Transform a circuit to compute the parameter-shift gradient of all gate parameters with respect to its inputs.

Parameters
  • tape (QNode or QuantumTape) – quantum circuit to differentiate

  • argnum (int or list[int] or None) – Trainable parameter indices to differentiate with respect to. If not provided, the derivative with respect to all trainable indices are returned.

  • shifts (list[tuple[int or float]]) – List containing tuples of shift values. If provided, one tuple of shifts should be given per trainable parameter and the tuple should match the number of frequencies for that parameter. If unspecified, equidistant shifts are assumed.

  • gradient_recipes (tuple(list[list[float]] or None)) –

    List of gradient recipes for the parameter-shift method. One gradient recipe must be provided per trainable parameter.

    This is a tuple with one nested list per parameter. For parameter \(\phi_k\), the nested list contains elements of the form \([c_i, a_i, s_i]\) where \(i\) is the index of the term, resulting in a gradient recipe of

    \[\frac{\partial}{\partial\phi_k}f = \sum_{i} c_i f(a_i \phi_k + s_i).\]

    If None, the default gradient recipe containing the two terms \([c_0, a_0, s_0]=[1/2, 1, \pi/2]\) and \([c_1, a_1, s_1]=[-1/2, 1, -\pi/2]\) is assumed for every parameter.

  • fallback_fn (None or Callable) – a fallback gradient function to use for any parameters that do not support the parameter-shift rule.

  • f0 (tensor_like[float] or None) – Output of the evaluated input tape. If provided, and the gradient recipe contains an unshifted term, this value is used, saving a quantum evaluation.

  • broadcast (bool) – Whether or not to use parameter broadcasting to create a single broadcasted tape per operation instead of one tape per shift angle.

Returns

The transformed circuit as described in qml.transform. Executing this circuit will provide the Jacobian in the form of a tensor, a tuple, or a nested tuple depending upon the nesting structure of measurements in the original circuit.

Return type

qnode (QNode) or tuple[List[QuantumTape], function]

For a variational evolution \(U(\mathbf{p}) \vert 0\rangle\) with \(N\) parameters \(\mathbf{p}\), consider the expectation value of an observable \(O\):

\[f(\mathbf{p}) = \langle \hat{O} \rangle(\mathbf{p}) = \langle 0 \vert U(\mathbf{p})^\dagger \hat{O} U(\mathbf{p}) \vert 0\rangle.\]

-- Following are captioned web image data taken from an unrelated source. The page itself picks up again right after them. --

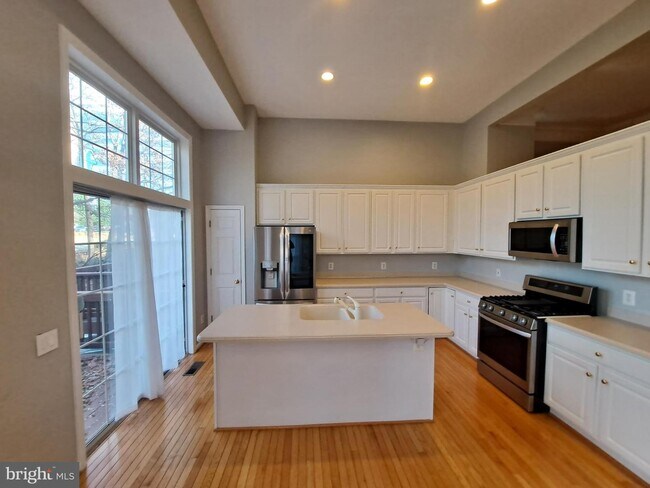 Building Photo - 7738 Heritage Woods Way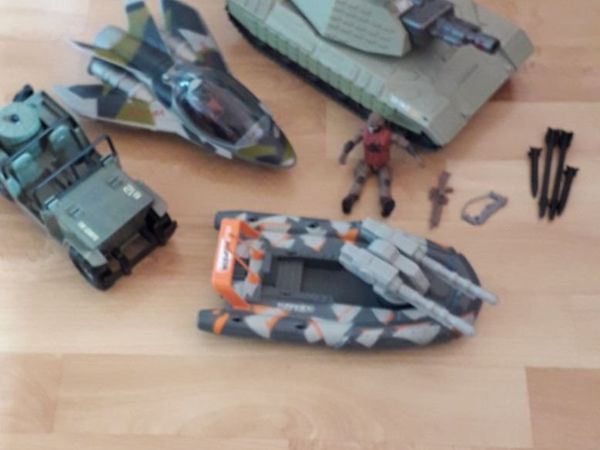 4 pack vehicles set -like new - Main image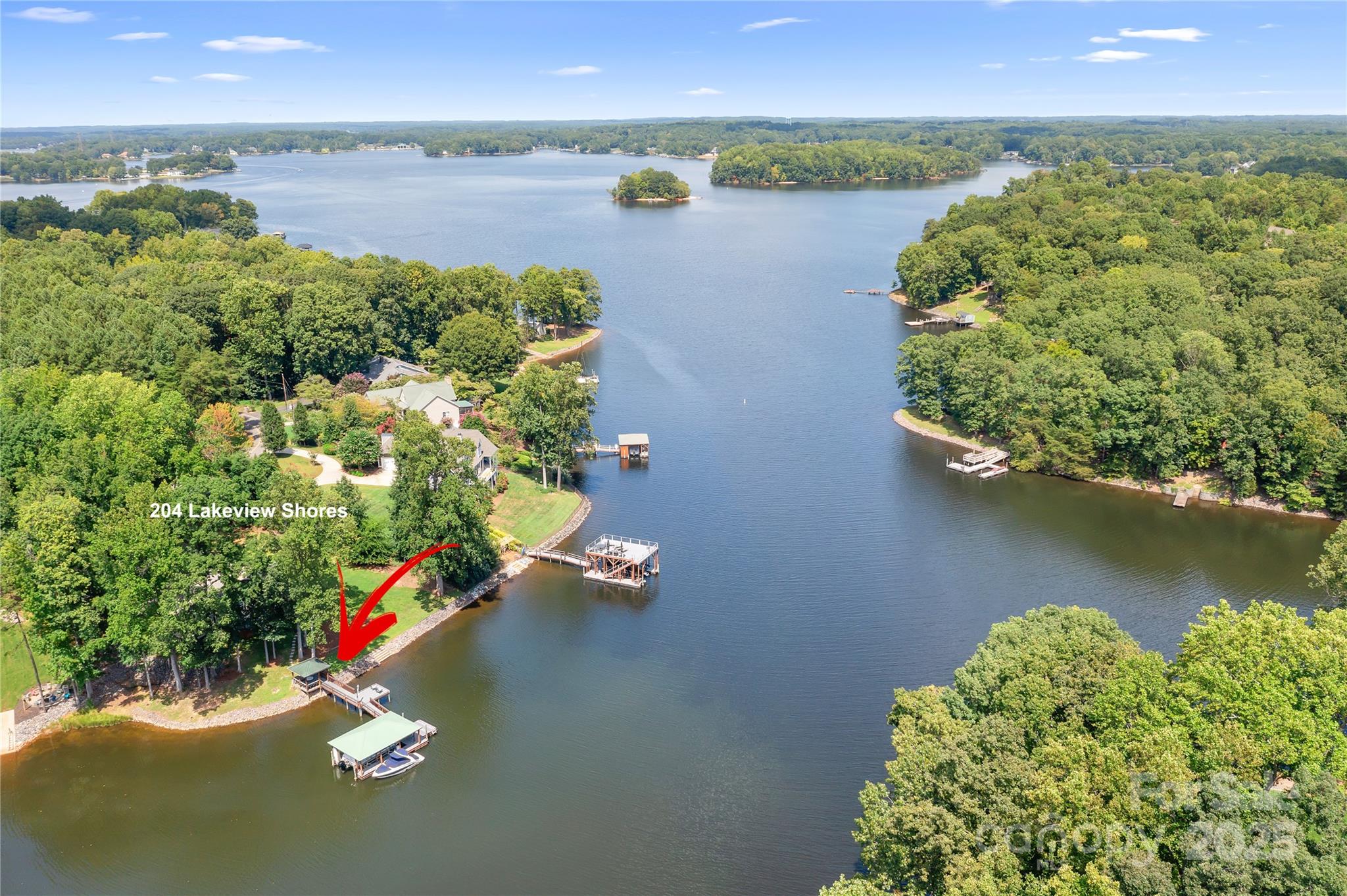 204 Lakeview Shores Loop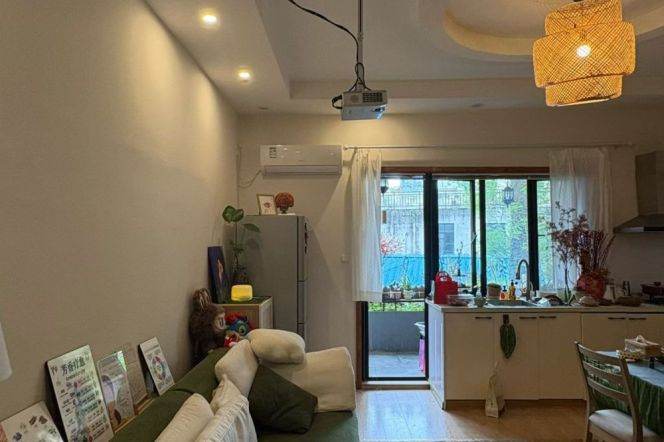 Good lighting 2brs with balcony near Jiaotong University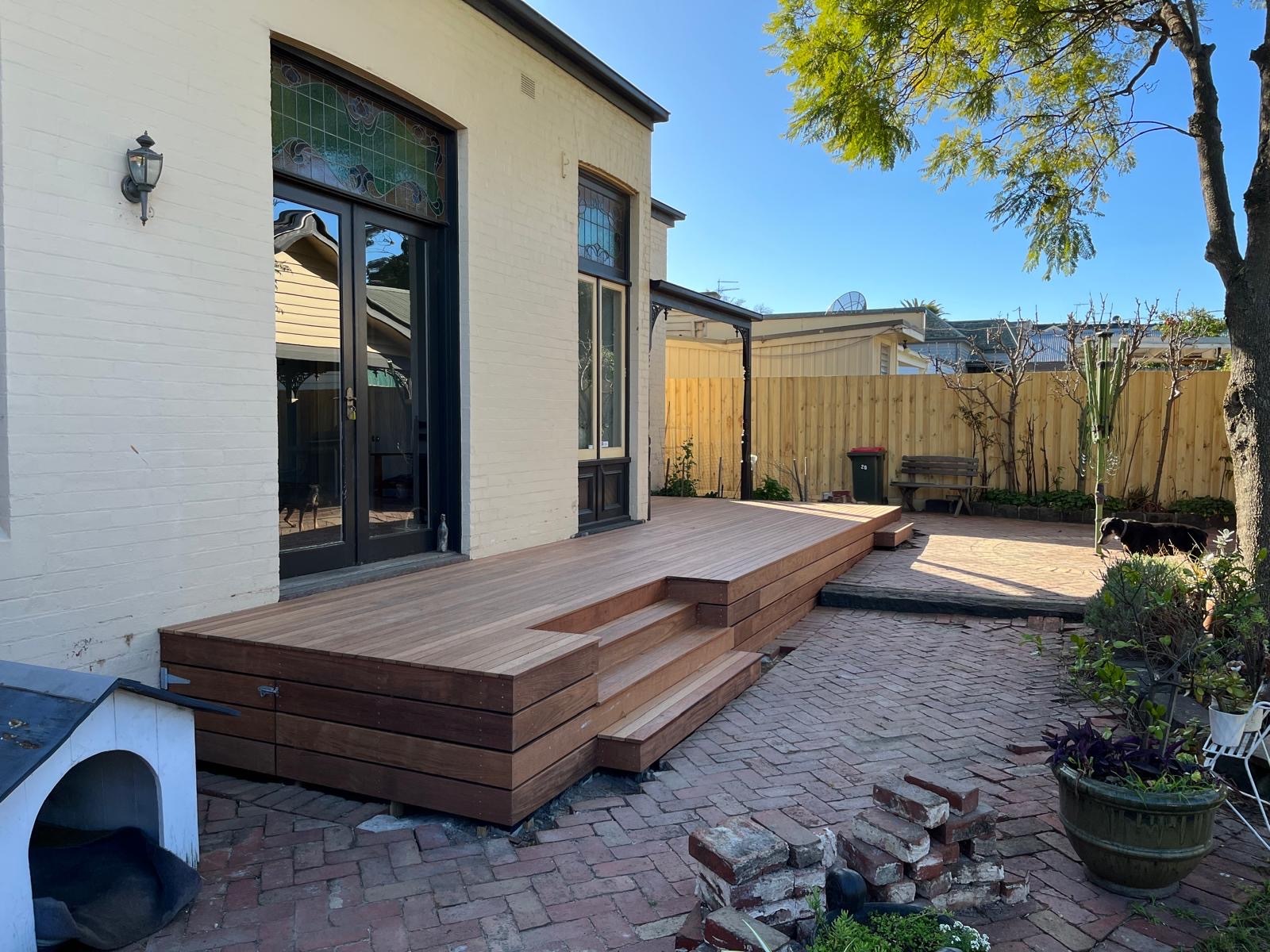 Completed hardwood timber deck showcasing Frontline Construction Group craftsmanship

The gradient of this expectation value can be calculated via the parameter-shift rule:

\[\frac{\partial f}{\partial \mathbf{p}} = \sum_{\mu=1}^{2R} f\left(\mathbf{p}+\frac{2\mu-1}{2R}\pi\right) \frac{(-1)^{\mu-1}}{4R\sin^2\left(\frac{2\mu-1}{4R}\pi\right)}\]

Here, \(R\) is the number of frequencies with which the parameter \(\mathbf{p}\) enters the function \(f\) via the operation \(U\), and we assumed that these frequencies are equidistant. For more general shift rules, both regarding the shifts and the frequencies, and for more technical details, see Vidal and Theis (2018) and Wierichs et al. (2022).

Gradients of variances

For a variational evolution \(U(\mathbf{p}) \vert 0\rangle\) with \(N\) parameters \(\mathbf{p}\), consider the variance of an observable \(O\):

\[g(\mathbf{p})=\langle \hat{O}^2 \rangle (\mathbf{p}) - [\langle \hat{O} \rangle(\mathbf{p})]^2.\]

We can relate this directly to the parameter-shift rule by noting that

\[\frac{\partial g}{\partial \mathbf{p}}= \frac{\partial}{\partial \mathbf{p}} \langle \hat{O}^2 \rangle (\mathbf{p}) - 2 f(\mathbf{p}) \frac{\partial f}{\partial \mathbf{p}}.\]

The derivatives in the expression on the right hand side can be computed via the shift rule as above, allowing for the computation of the variance derivative.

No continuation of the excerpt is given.